Die ÖTV ist mit einer „sozialen Komponente“ einverstanden. Mit der Forderung nach einem Einmalbetrag von 500 Mark für die ersten drei Monate und einer Erhöhung des Urlaubsgeldes um 100 DM habe sie bereits ein Signal in diese Richtung gegeben, sagt sie. In die Verhandlungen gestern abend ist sie mit dem Vorschlag eines „Kappungsbetrages“ gegangen: Wenn die generelle prozentuale Erhöhung in den höheren Gehaltsgruppen einen bestimmten Betrag überschreitet, wird nur noch ein Festbetrag ausgezahlt.

Bei einem Kappungsbetrag von 250 DM betrüge die prozentuale Erhöhung für einen Referatsleiter (41 Jahre, verheiratet, 2 Kinder) in der höchsten Vergütungsgruppe I nach BAT nur rund 3,15 Punkte. Im Gegenzug könnte für die unteren und mitteleren Lohn- und Gehaltsgruppen eine etwas höhere prozentuale Einkommenssteigerung vereinbart werden.

Viel wird das allerdings kaum bringen. Denn im öffentlichen Dienst hat die Lohn- und Gehaltspyramide einen breiten Sockel und eine schmale Spitze. Rund 60 Prozent der etwa zwei Millionen Beamten in den alten Bundesländern gehören dem einfachen und mittleren Dienst an. Bei der Bahn und Post sind es 80 Prozent. Unter den Angestellten sieht es nicht anders aus. Die Einkommen sind in diesen Bereichen nicht gerade üppig — nicht zuletzt, weil die Gewerkschaften jahrzehntelang immer wieder auf einheitliche Prozenterhöhungen gesetzt haben, was die Einkommensschere zwischen oben und unten immer weiter aufgerissen hat. So verdient eine 30jährige Krankenschwester mit einem Kind bisher brutto 3.675,77 DM. Eine Gehaltserhöhung von 5,4 Prozent (Vorschlag des Schlichters) brächte ihr 198,49 DM mehr. Ein Müllarbeiter, verheiratet, zwei Kinder, muß einschließlich aller Zulagen bisher mit 3781,81 DM auskommen. Eine 5,4prozentige Erhöhung brächte ihm 204,21 DM, wenn alle Zulagen in die Erhöhung miteinbezogen würden. Wenn man die bisherige Differenz zwischen Arbeitgeberangebot (4,8 Prozent) und dem gewerkschaftlich akzeptierten Schlichterspruch (5,4 Prozent) zugrundelegt, geht es bei dem Streik in den unteren und mittleren Einkommensgruppen um Beträge zwischen 20 und 40 Mark monatlich.

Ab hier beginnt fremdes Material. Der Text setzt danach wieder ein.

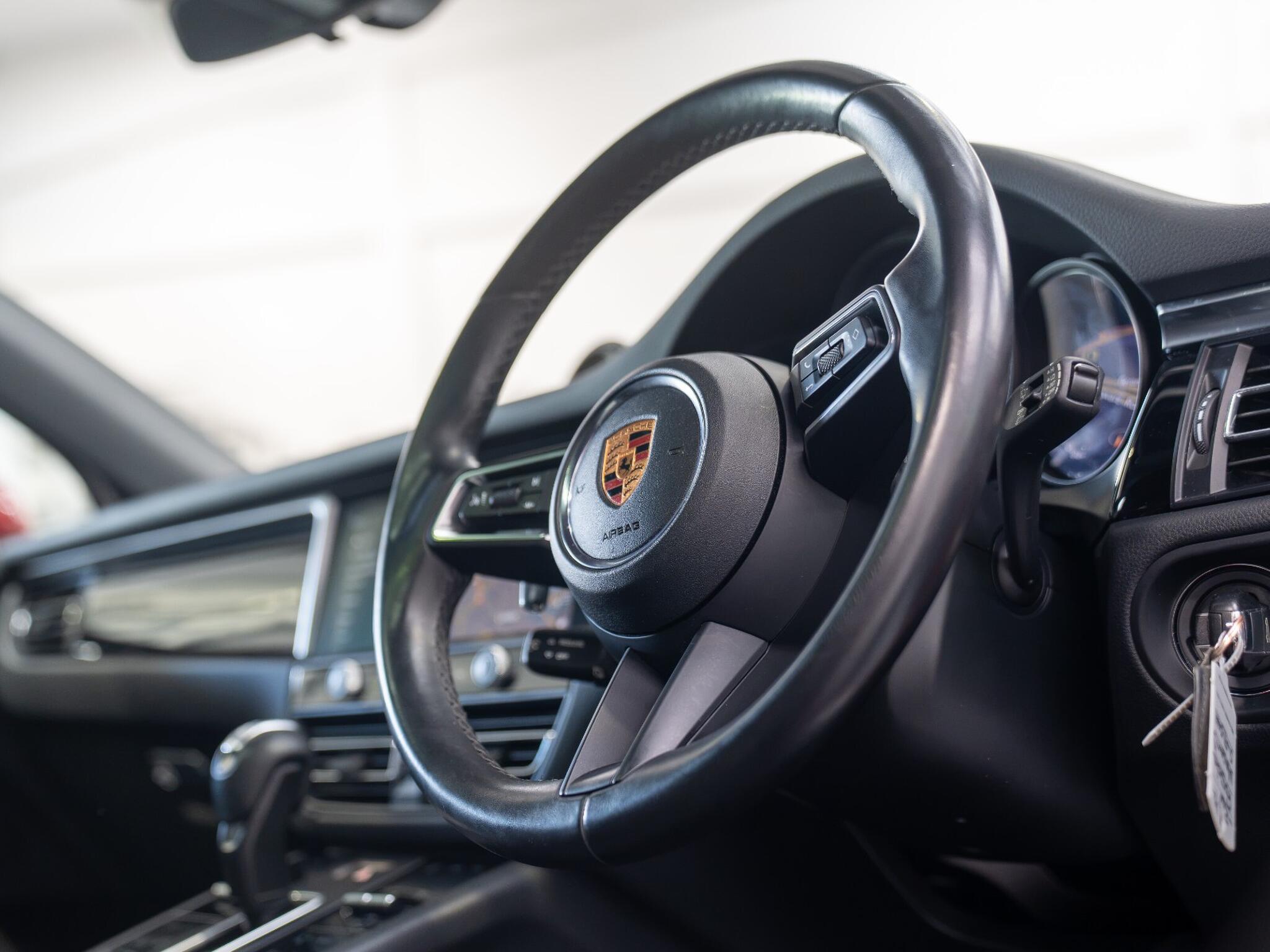 Porsche Macan view 7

Die ÖTV wird den Streik nicht beenden können, wenn sie ihrer kampfstarken Basis in den unteren und mittleren Einkommensgruppen nicht ein Ergebnis knapp über dem Schlichterspruch von 5,4 Prozent bietet. Das heißt: Der Kappungsbetrag muß so tief angesetzt werden, daß er praktisch die gesamte akademische Klientel der Gewerkschaften von einer Erhöhung ausschließt. Die Arbeitgeber müßten sich bereit erklären, dieses Vorgehen auch auf übertarifliche Gehälter und Beamte anzuwenden. Anders ist das Finanzvolumen zugunsten höherer Prozente bei den unteren Einkommen nicht zu gewinnen.

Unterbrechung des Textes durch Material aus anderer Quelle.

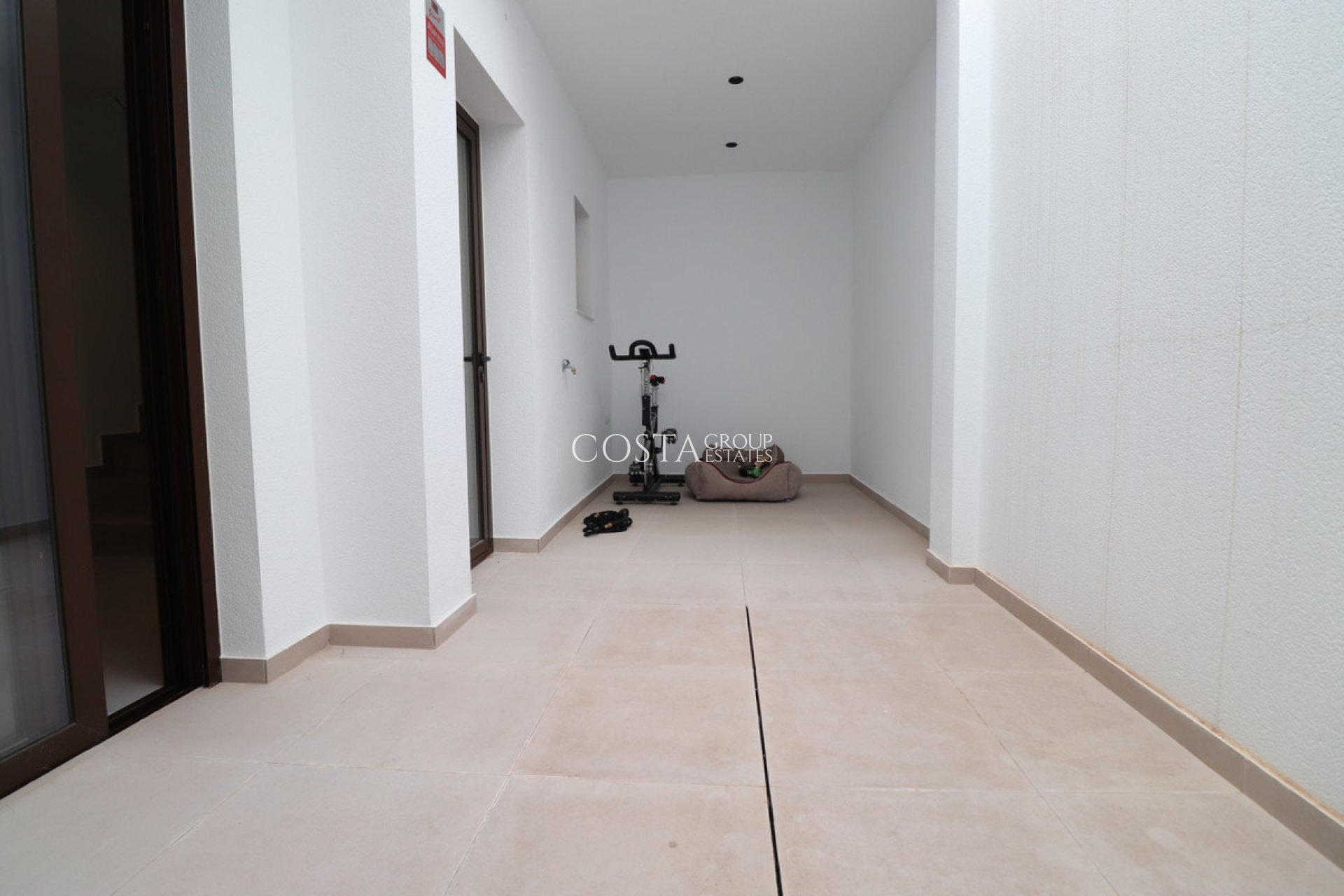 Resale - House -
Benijofar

Insbesondere die schleswig-holsteinische Finanzministerin, Heide Simonis, hatte in den letzten Wochen für eine sozial gestaffelte Einkommenserhöhung plädiert, allerdings auf Basis des von den Arbeitgebern angebotenen Gesamtvolumens von 4,8 Prozent. Sie dachte aber dabei eher an einen Sockelbetrag für die unteren Einkommensgruppen und — entsprechend — einem niedrigeren Prozentsatz für alle anderen. Diese Variante wäre für die Spitzengruppen zweifellos günstiger als ein fester Kappungsbetrag.

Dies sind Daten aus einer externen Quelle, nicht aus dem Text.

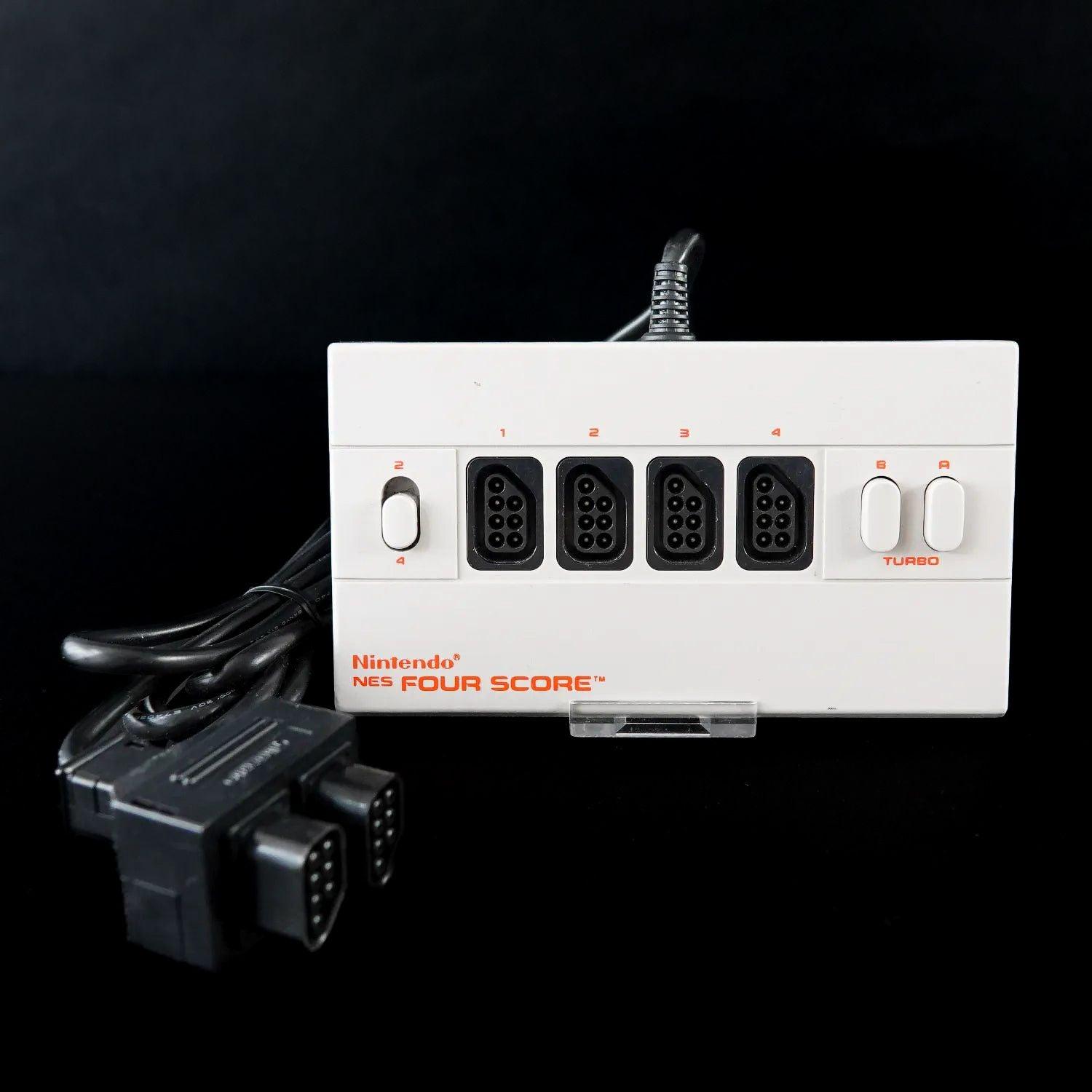 nintendo-nes-four-score-multi-tab-mehrspieler-adapter-zustand-sehr-gut-1 - Utopia Collectibles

„Was nun, Frau Simonis?“, fragte der ÖTV- Sprecher Rainer Hillgärtner gestern vor Verhandlungsbeginn und forderte sie auf, auch beim eigenen Gehalt mit der sozialen Komponente ernst zu machen. Die Gewerkschaft wähnt sich nach ihrer gelungenen Machtdemonstration im Streik in der Offensive. Viele Äußerungen der letzten Tage bestärken sie darin, daß die Ablehnungsfront der Arbeitgeber bröckelt und die Kommunen und Länder stärker auf eine Einigung in der Nähe des Schlichterspruchs drängen als der unter unmittelbarem Einfluß der Bonner Regierung stehende Bund.